> **AIM OF THE TASK**
The lines from the one containing "Great Horned Owl Bird of Prey" through the final line of the listing below are what the answer must repeat, exactly and only, leaving pictures out.

> **DATA FOR THE TASK**

########################################

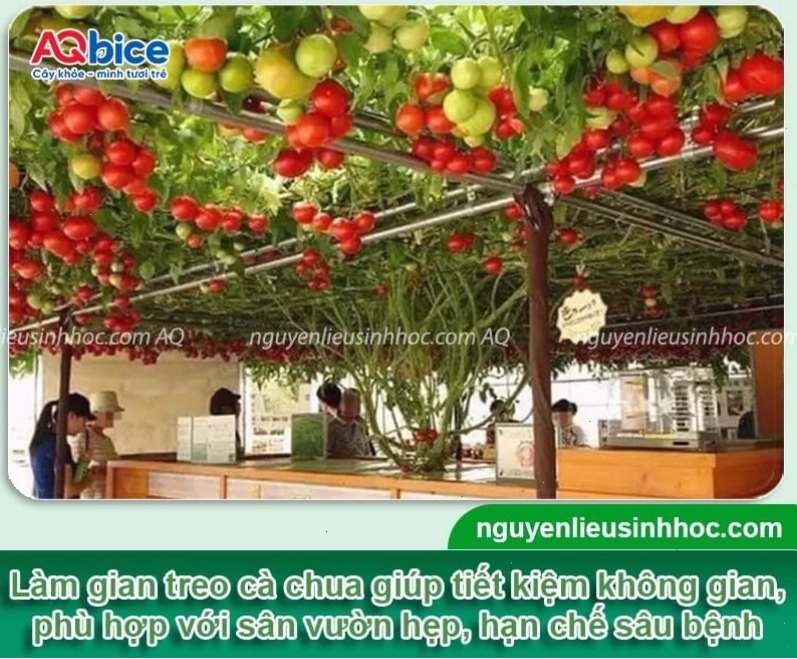 Hướng dẫn làm giàn cà chua bằng lưới treo đơn giản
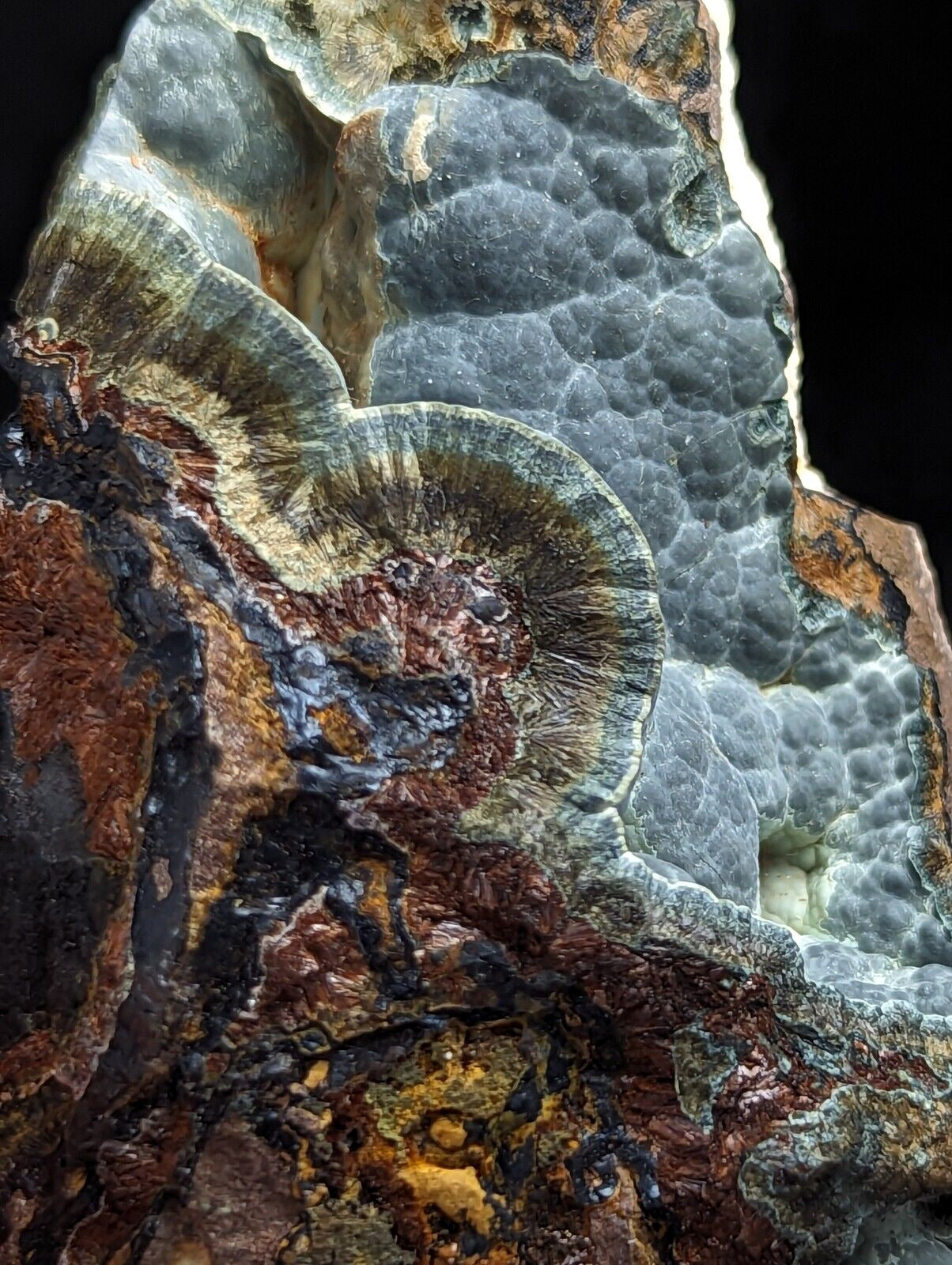 Kidwellite Dufrenite Beraunite etc (VERY RARE 3 Oaks Gap Polk Co. Arkansas) - Collectibles:Rocks Fossils &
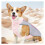 Dog Cooling Vest with Reflective Stripe Breathable Sun 1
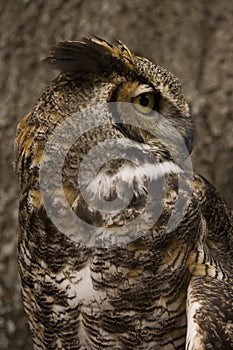 Great Horned Owl Bird of Prey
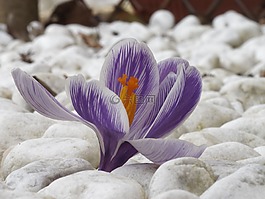 番紅花,鮮花,宏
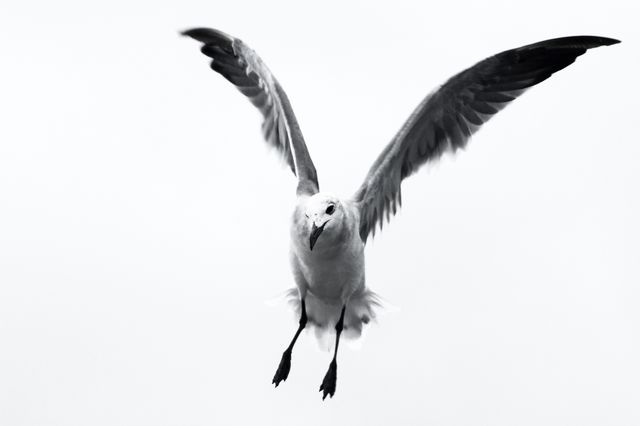 High-contrast black and white depiction of a seagull in mid-flight with spread wings. Ideal for nature-themed projects, bird watching presentations, wildlife photography portfolios, and educational materials.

########################################

> **REPLY**
 Great Horned Owl Bird of Prey
 番紅花,鮮花,宏
 High-contrast black and white depiction of a seagull in mid-flight with spread wings. Ideal for nature-themed projects, bird watching presentations, wildlife photography portfolios, and educational materials.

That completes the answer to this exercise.